## DESCRIPTION OF THE TASK:
Let your answer be the line containing "Sportovní kalhoty s" and every line below it to the end of the records, copied exactly.

Data entries:
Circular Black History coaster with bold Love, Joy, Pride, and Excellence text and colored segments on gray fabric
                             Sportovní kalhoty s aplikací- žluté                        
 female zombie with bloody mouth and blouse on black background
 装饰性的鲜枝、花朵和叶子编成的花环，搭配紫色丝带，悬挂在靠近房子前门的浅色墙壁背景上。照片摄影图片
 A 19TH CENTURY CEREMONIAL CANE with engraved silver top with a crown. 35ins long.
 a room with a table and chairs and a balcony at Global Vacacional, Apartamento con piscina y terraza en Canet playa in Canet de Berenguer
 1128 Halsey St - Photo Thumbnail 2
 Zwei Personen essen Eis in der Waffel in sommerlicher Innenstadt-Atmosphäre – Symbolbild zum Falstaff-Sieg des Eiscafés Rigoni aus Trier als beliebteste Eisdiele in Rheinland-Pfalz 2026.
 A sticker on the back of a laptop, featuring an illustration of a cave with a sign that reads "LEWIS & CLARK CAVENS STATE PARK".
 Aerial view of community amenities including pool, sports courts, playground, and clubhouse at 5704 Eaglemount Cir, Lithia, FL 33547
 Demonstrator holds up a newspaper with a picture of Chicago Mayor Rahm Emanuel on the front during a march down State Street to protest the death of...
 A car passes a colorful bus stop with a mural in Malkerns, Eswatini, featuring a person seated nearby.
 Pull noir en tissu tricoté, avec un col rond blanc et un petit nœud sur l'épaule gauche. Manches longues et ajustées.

## EXERCISE ANSWER:
                             Sportovní kalhoty s aplikací- žluté                        
 female zombie with bloody mouth and blouse on black background
 装饰性的鲜枝、花朵和叶子编成的花环，搭配紫色丝带，悬挂在靠近房子前门的浅色墙壁背景上。照片摄影图片
 A 19TH CENTURY CEREMONIAL CANE with engraved silver top with a crown. 35ins long.
 a room with a table and chairs and a balcony at Global Vacacional, Apartamento con piscina y terraza en Canet playa in Canet de Berenguer
 1128 Halsey St - Photo Thumbnail 2
 Zwei Personen essen Eis in der Waffel in sommerlicher Innenstadt-Atmosphäre – Symbolbild zum Falstaff-Sieg des Eiscafés Rigoni aus Trier als beliebteste Eisdiele in Rheinland-Pfalz 2026.
 A sticker on the back of a laptop, featuring an illustration of a cave with a sign that reads "LEWIS & CLARK CAVENS STATE PARK".
 Aerial view of community amenities including pool, sports courts, playground, and clubhouse at 5704 Eaglemount Cir, Lithia, FL 33547
 Demonstrator holds up a newspaper with a picture of Chicago Mayor Rahm Emanuel on the front during a march down State Street to protest the death of...
 A car passes a colorful bus stop with a mural in Malkerns, Eswatini, featuring a person seated nearby.
 Pull noir en tissu tricoté, avec un col rond blanc et un petit nœud sur l'épaule gauche. Manches longues et ajustées.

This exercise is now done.